St. Mary's Church, Dublin is a former Church of Ireland building on the corner of Mary Street and Jervis Street, Dublin, and adjacent to Wolfe Tone Square. From the 17th century the church was a place of worship for parishioners on Dublin's north-side, before it was closed in 1986. The church has since been deconsecrated and the building is now a pub and restaurant. The parish also had a chapel of ease - St Mary's - off Dorset Street, more commonly known as "The Black Church".

History

From the early middle-ages, the north-side of Dublin was served by the parish of St. Michan's and the abbey of St. Mary. After the dissolution of the monasteries, the abbey was all but closed, and in the late 17th century, the parish of St. Mary's was formed. As recorded by the original register book of the "Parish of St. Maries" (St. Mary's), the parish "was separated from the Parish of St. Michans, & made a district Parish by Act of Parliament" on 20 November 1697.

The current building was designed in 1697 by Sir William Robinson, and the foundation stone was laid in 1700. Some of the church construction was overseen by Thomas Burgh, and the church is notable as the first in Dublin to be built with galleries. It was consecrated in 1701. The organ of the church was built by Renatus Harris.

The church was one of the first large buildings in the area to be constructed on the newly laid out Mary Street, and was under construction at the same time as nearby Langford House.

The parish register records that the first rector was Peter Broun (or Browne), later Provost of Trinity College, and that the first church wardens were Robert Rochfort, the Attorney General, and Allen Brodrick, Solicitor General.

Closure
The church closed in 1986 and became a retail outlet after deconsecration. It was later converted to use as a pub and restaurant. Originally named the "John M. Keating Bar", the pub changed hands in 2007 and is now simply called "The Church".

The churchyard was converted into Wolfe Tone Square, a public park where the gravestones can be seen stacked up at the southern end.

Notable parishioners and burials
Arthur Guinness was married in St Mary's in 1761. Notable baptisms in the church include Seán O'Casey in 1880 and Theobald Wolfe Tone in 1763. (Wolfe Tone was born at 44 Stafford Street nearby. Stafford Street was later renamed after Wolfe Tone.)  The Earl of Charlemont was baptized in the church in 1728, and Richard Brinsley Sheridan in 1751.

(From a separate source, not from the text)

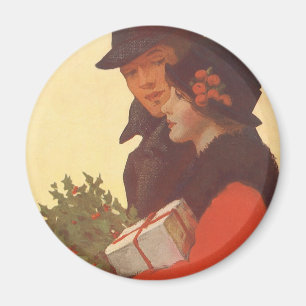 Aimant Cadeaux de Noël vintage, d'amour et de romance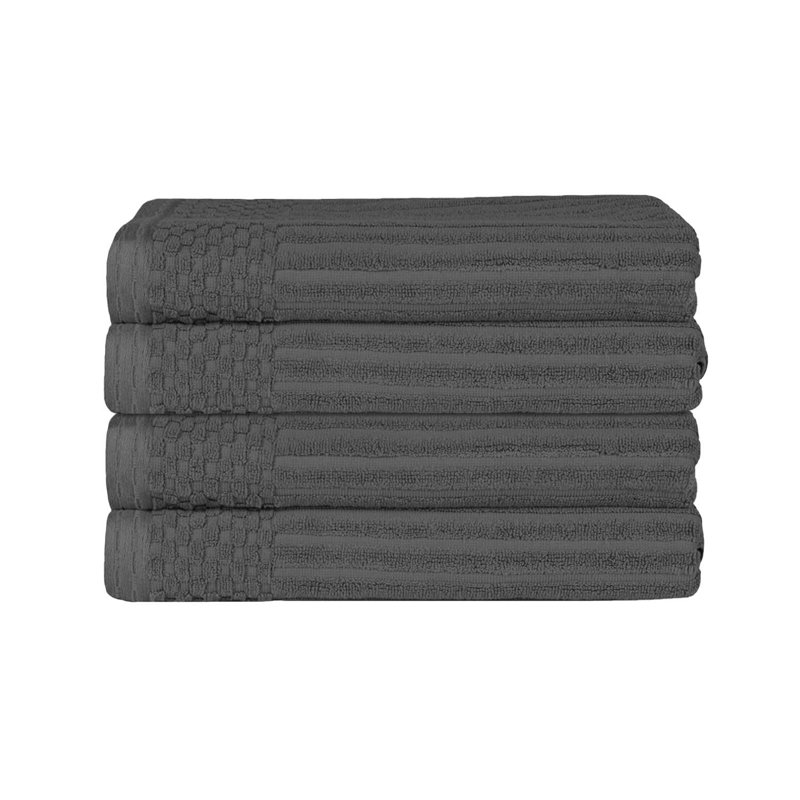 Serviette de bain épaisse absorbante en coton côtelé, Gris anthracite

Records show that burials in the church vaults include Anne, daughter of the Bishop of Meath (interred 14 December 1725), the Rev Rawlinson Foord (also interred 14 December 1725), and Charles Campbell (interred in the chancel vault 2 November 1765). All the remains of those in the vault or crypts were later cremated and placed at St. Michans. This process was supervised by a Dublin Corporation Environmental Officer in consultation with the Representative Body of the Church of Ireland.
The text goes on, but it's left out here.